-- How to complete this task --
Return all the lines below exactly as written. Drop every picture.

-- Information supplied --

****

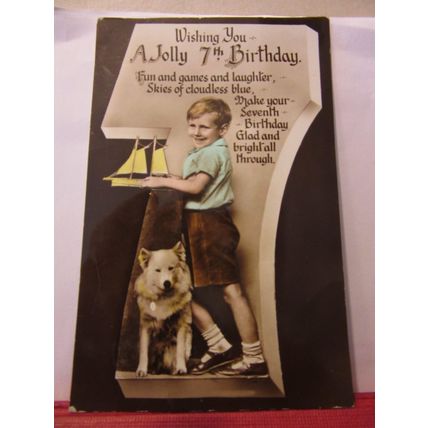 7th BIRTHDAY, used vintage postcard RP 1936 pm pond yacht, dog /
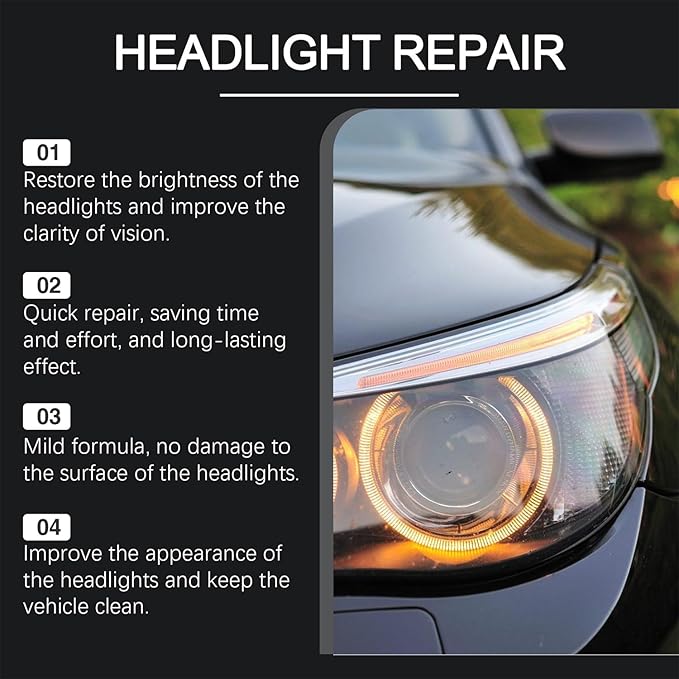 JoanofArc Automotive Headlamp Restoration Fluid, Headlight Restoration Coating Spray, Headlight Restoration for Foggy Yellowing Oxidation, Multifunctional Headlight Cleaner for Automotive Repair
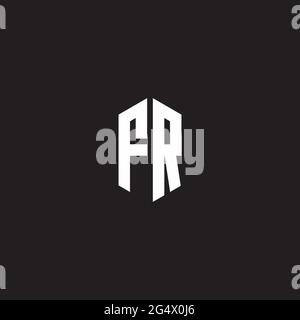 FR Logo monogram with hexagon shape style design template isolated on black background Stock Vector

****

-- Answer section --
 7th BIRTHDAY, used vintage postcard RP 1936 pm pond yacht, dog /
 JoanofArc Automotive Headlamp Restoration Fluid, Headlight Restoration Coating Spray, Headlight Restoration for Foggy Yellowing Oxidation, Multifunctional Headlight Cleaner for Automotive Repair
 FR Logo monogram with hexagon shape style design template isolated on black background Stock Vector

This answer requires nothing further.